Eliminate Cognitive Friction to Maximize Human Performance

By Daniel Burrus and Neil Smith

(In this blog series on how elevating cognitive performance is a game changer for organizations, I’ve invited Neil Smith, CTO at Think Outcomes, to join me in writing on this important topic due to his expertise and the cognitive performance software his firm has created.)

Improving cognitive performance is a strategic imperative for anticipatory leaders. Yet, cognitive performance slows down due to cognitive friction. Cognitive friction occurs when professionals can’t think through uncertainties clearly in their minds. These uncertainties include:

  1. Risks
  2. Opportunities
  3. Outcomes
  4. Consequences
  5. Implications
  6. Impact
  7. Causations
  8. Causes and effects

In an organization, cognitive friction occurs frequently across many professional roles, minds and perspectives. For the 15 areas in a cognitive operation below, cognitive friction not only spans many responsibilities, it also impacts relationships and shapes cultures.

15 Areas of a Cognitive Operation

Cognitive Friction Across Perspectives

Cognitive friction occurs when two or more professionals are challenged to get on the same page. They must resolve their perspectives — which can be very challenging. In business, professionals:

  • Perform critical thinking
  • Make decisions
  • Communicate with stakeholders
  • Collaborate with other professionals
  • React to uncertainties
  • Work with peers and stakeholders to address situational challenges
  • Advise other professionals about their cognitive work
  • Evaluate the thoroughness to think through situations in the minds of their thinkers
  • Review the risk-reward trade-offs among their team members

Cognitive Friction Within the Mind of a Professional

Cognitive friction exists within the minds of professionals and creates undue stress. The six reasons friction occurs is due to:

  1. The processing limitations in the mind
  2. Ineffective communications
  3. Unproductive collaborations
  4. Uncertainties in their minds
  5. Lack of cognitive insights and foresights
  6. Bias that leads to cognitive divisiveness


Processing Limitations in the Mind

When processing multiple data points in the mind, cognitive work can become a highly stressful activity. It’s amazing how many leaders are not equipped with cognitive tools to manage uncertainty across situations, close their knowledge gaps and achieve expected results. When a situation includes more than seven variables, it’s well-known that the human mind is not able to process this level of complexity. Think how we receive, process and remember phone numbers. Our minds are not wired to synthesize 10 or more digits at a time. In the U.S., people think about the 10 digits in a pattern of a 3-digit area code, a 3-digit prefix and 4-digits for the line number; our minds consume, process and recall smaller chunks of information.
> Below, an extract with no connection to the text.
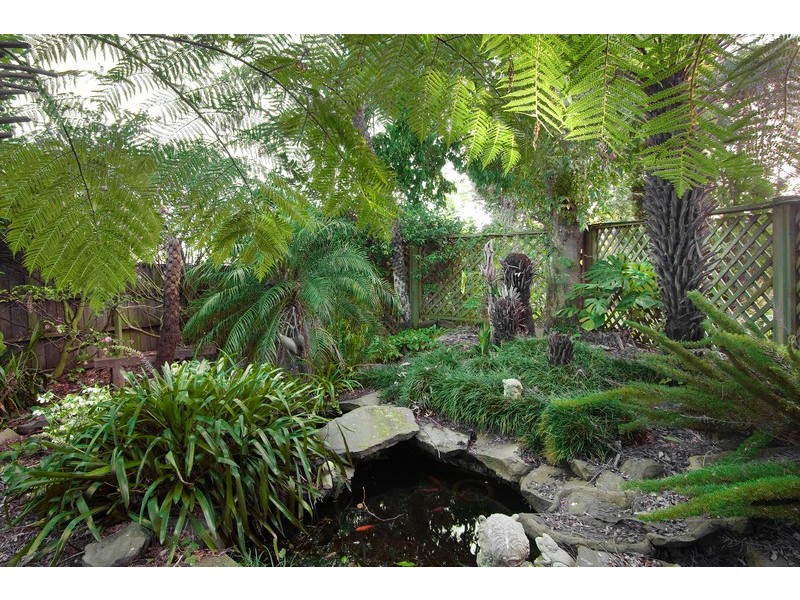 4 Bright Court, Drouin VIC 3818
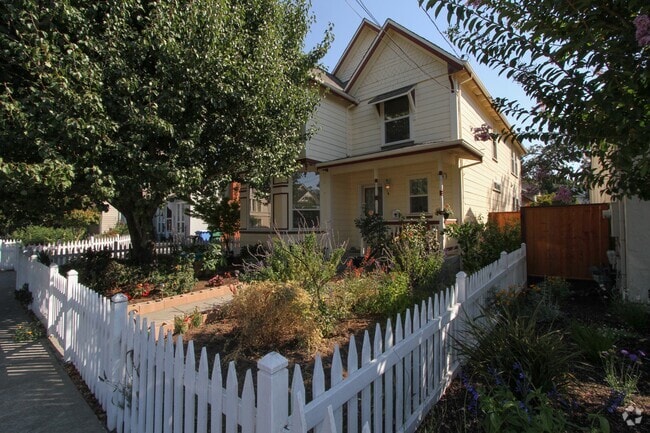 Building Photo - 538 A St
Try this exercise in your mind to see how complexity increases quickly: spin all the digits of five phone numbers in your mind as if the numbers were on a slot machine. Can you keep track of the numbers? Most of us cannot; our minds get overwhelmed right away.

When multiple changing variables exist, that’s the type of stress professionals experience every day in their minds as they perform their risk-reward trade-offs. Without additional cognitive capabilities, leaders turn to their gut as a place to find answers; often, though, the gut isn’t a very good logic engine. Operating risk is introduced when critical thinkers and decision makers do not have access to complementary, cognitive tools to perform their cognitive activities at their best.

Effective Communications Accelerate Buy-in and Decisions

The challenges increase further for critical thinkers and decision makers when they communicate with their stakeholders, peers and dependents to gain agreement about multiple, interdependent variables. These heterogeneous thinkers add new perspectives to the decision process, which increases the complexity.

That’s when members of decision teams communicate from their emotional viewpoints. Decisions stall, lasting impressions impact culture and relationships, and people experience an impasse.

Productive Collaborations are Needed to Achieve Better Outcomes

Google Hangouts, Skype and Zoom represent a step forward in collaboration and reduce travel costs. Yet, as professionals move between face-to-face and online meetings, they still struggle to innovate with breakthrough thinking.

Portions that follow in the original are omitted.